Open rujpeng opened 3 years ago

rujpeng commented 3 years ago

Dear HHsuite developers and users,

I am using hhblits_omp to search many sequences (above 10,000) against custom database. The searching went well at the beginning. But the memory usage becomes higher and higher and the program gradually ended up with segmentation fault. I am wondering if you have the same situation or that I have not compiled HHsuite properly?

A typical output from my case was like following: slurm_script: line 8: 123689 Segmentation fault hhblits_omp -cpu 4 -id 100 -maxfilt 30000 -diff 3000 -e 0.01 -cov 15 -qid 15 -i sleb -d ../searchMsa

Best, Junhui

milot-mirdita commented 3 years ago

Would it be possible to upload the query and database somewhere?

rujpeng commented 3 years ago

Thanks! The target database was not very large but still very difficult to upload it.

However, I tried to search my query to Uniref30_2020_06 using my query database. It was the same case, the program ended up with segmentation fault.

The query database can be downloaded here: https://doi.org/10.6084/m9.figshare.13540895

ksteczk commented 3 years ago

I upvote this issue. I (or rather my server) experienced the same problem. I'm computing profiles for standard COG/KOG database (starting for single sequences). My command is: hhblits_omp -i cdd -d /db/hh/UniRef30_2020_06 -oa3m cdd_a3m -n 3 -cpu 120 -v 0 This db has 9696 sequences.

It starts with several gigs of RAM used, but it increases with time and processed entries to use my all 256GB RAM when reaching something around 4000 entries.
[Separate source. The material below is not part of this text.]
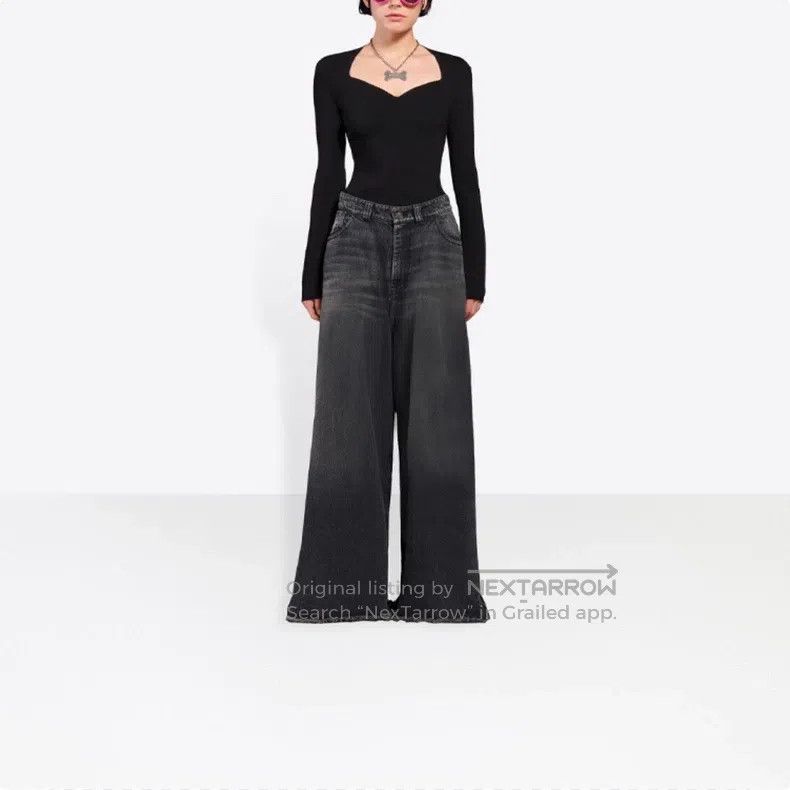 Balenciaga Balenciaga Wide Leg Washed Denim Pants Size US 29 - 7 Thumbnail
It seems like memory leak - maybe hhblits_omp doesn't purge data structures from memory after writing the results into resulting ff{data,index} files? When I CTRL+C the computation, make new indexfile with unprocessed entries and continue for them the situation is the same - starting with few GB of RAM used and increasing with entries processed.
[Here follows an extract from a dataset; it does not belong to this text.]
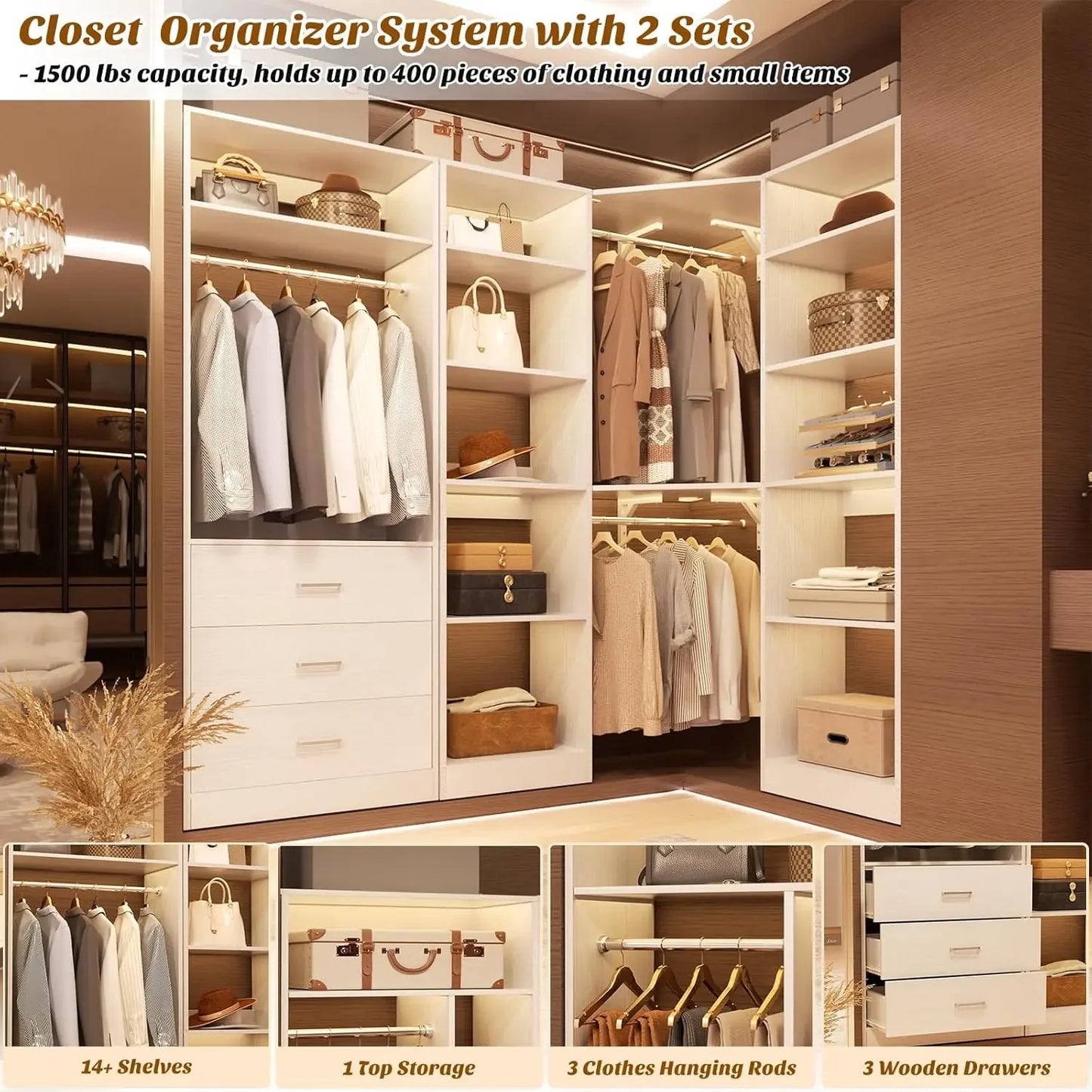 Corner Closet System With 3 Drawers, Shelves And Hanging Rods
My machine has 128 threads (AMD EPYC 7702P), 256GB RAM, runs Debian GNU/Linux 10 (buster) very stably.

ksteczk commented 3 years ago

Thanks! The target database was not very large but still very difficult to upload it.
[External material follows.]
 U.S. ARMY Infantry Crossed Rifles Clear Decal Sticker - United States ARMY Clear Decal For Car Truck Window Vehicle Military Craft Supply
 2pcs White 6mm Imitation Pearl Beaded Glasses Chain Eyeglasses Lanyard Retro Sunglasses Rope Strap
However, I tried to search my query to Uniref30_2020_06 using my query database. It was the same case, the program ended up with segmentation fault.

The query database can be downloaded here: https://doi.org/10.6084/m9.figshare.13540895

Junhui, Making over 30'000 searches onto uniref30 using 4 CPUs will take ages. Did you manage to run that search successfully? Kamil

rujpeng commented 3 years ago

Thanks! The target database was not very large but still very difficult to upload it. However, I tried to search my query to Uniref30_2020_06 using my query database. It was the same case, the program ended up with segmentation fault. The query database can be downloaded here: https://doi.org/10.6084/m9.figshare.13540895

Junhui, Making over 30'000 searches onto uniref30 using 4 CPUs will take ages. Did you manage to run that search successfully? Kamil

Thanks Kamil,

Not yet with hhblits. I used another HMM based method, jackhmmer, instead, although it might be slow but at least runnable. I think maybe hhblits developers are now working on it.

For uniref30, I was using it only in case that people cannot download my database and cannot reproduce my results. My database contains several thousands of sequences and I guess hhblits can do it very fast.

Junhui

milot-mirdita commented 3 years ago

I've also noticed issues with hhpred_omp but didn't have time to investigate what's going wrong. As a workaround you can use a script similar to this: https://github.com/soedinglab/hhdatabase_cif70/blob/master/pdb70_hhblits_lock.sh To repeatedly call hhblits based on an input database and to produce an output database again.

milot-mirdita commented 3 years ago

I think I fixed one performance issue with a lot of cores in hhblits_omp here: https://github.com/soedinglab/hh-suite/commit/e1bd3a124ba9896dfccc6d774bb47fa1ad3ba2f3

elevywis commented 7 months ago

Hi, running hhblitp_omp on UniRef30 and seeing the same issue. If running a batch of 100 sequences with 50 threads, the first 30 will complete quickly and it'll slow down progressively with all 128GB RAM being progressively used up and upwards of 200GB swap and gets really slow. It's as if memory was not freed after a sequence was completed.